Author: Jason Brownlee
Data preparation is the transformation of raw data into a form that is more appropriate for modeling.
It is a challenging topic to discuss as the data differs in form, type, and structure from project to project.
Nevertheless, there are common data preparation tasks across projects. It is a huge field of study and goes by many names, such as “data cleaning,” “data wrangling,” “data preprocessing,” “feature engineering,” and more. Some of these are distinct data preparation tasks, and some of the terms are used to describe the entire data preparation process.
Even though it is a challenging topic to discuss, there are a number of books on the topic.
In this post, you will discover the top books on data cleaning, data preparation, feature engineering, and related topics.
Let’s get started.
Discover data cleaning, feature selection, data transforms, dimensionality reduction and much more in my new book, with 30 step-by-step tutorials and full Python source code.
Overview
The focus here is on data preparation for tabular data, e.g. data in the form of a table with rows and columns as it looks in an excel spreadsheet.
Data preparation is an important topic for all data types, although specialty methods are required for each, such as image data in computer vision, text data in natural language processing, and sequence data in time series forecasting.
Data preparation is often a chapter in a machine learning textbook, although there are books dedicated to the topic. We will focus on these books.
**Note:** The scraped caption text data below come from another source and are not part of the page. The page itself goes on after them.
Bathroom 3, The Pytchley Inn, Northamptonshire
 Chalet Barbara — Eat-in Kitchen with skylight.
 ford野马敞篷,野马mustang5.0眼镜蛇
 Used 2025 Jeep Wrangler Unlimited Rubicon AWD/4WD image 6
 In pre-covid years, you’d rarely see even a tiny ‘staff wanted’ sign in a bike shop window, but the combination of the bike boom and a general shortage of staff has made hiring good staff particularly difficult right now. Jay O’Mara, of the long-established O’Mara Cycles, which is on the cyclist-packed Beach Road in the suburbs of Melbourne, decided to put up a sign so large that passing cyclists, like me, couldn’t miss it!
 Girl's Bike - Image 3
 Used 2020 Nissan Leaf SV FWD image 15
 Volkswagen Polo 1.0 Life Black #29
I have gathered all the books I can find on the topic data preparation, selected what I think are the best or better books, and organized them into three groups; they are:
- Data Cleaning
- Data Wrangling
- Feature Engineering
I will try to give the flavor of each book, including the goal, the table of contents, and where to learn more about it.
Want to Get Started With Data Preparation?
Take my free 7-day email crash course now (with sample code).
Click to sign-up and also get a free PDF Ebook version of the course.
Data Cleaning
Data cleaning refers to identifying and fixing errors in the data prior to modeling, including, but not limited to, outliers, missing values, and much more.
The top books on data cleaning include:
- Bad Data Handbook: Cleaning Up The Data So You Can Get Back To Work, 2012.
- Best Practices in Data Cleaning: A Complete Guide to Everything You Need to Do Before and After Collecting Your Data, 2012.
- Data Cleaning, 2019.
Let’s take a closer look at each in turn.
“Bad Data Handbook”
The book “Bad Data Handbook: Cleaning Up The Data So You Can Get Back To Work” was edited by Q. Ethan Mccallum and was published in 2012.
Bad data is described not only as corrupt data but any data that impairs the modeling process.
It’s tough to nail down a precise definition of “Bad Data.” Some people consider it a purely hands-on, technical phenomenon: missing values, malformed records, and cranky file formats. Sure, that’s part of the picture, but Bad Data is so much more. […] Bad Data is data that gets in the way.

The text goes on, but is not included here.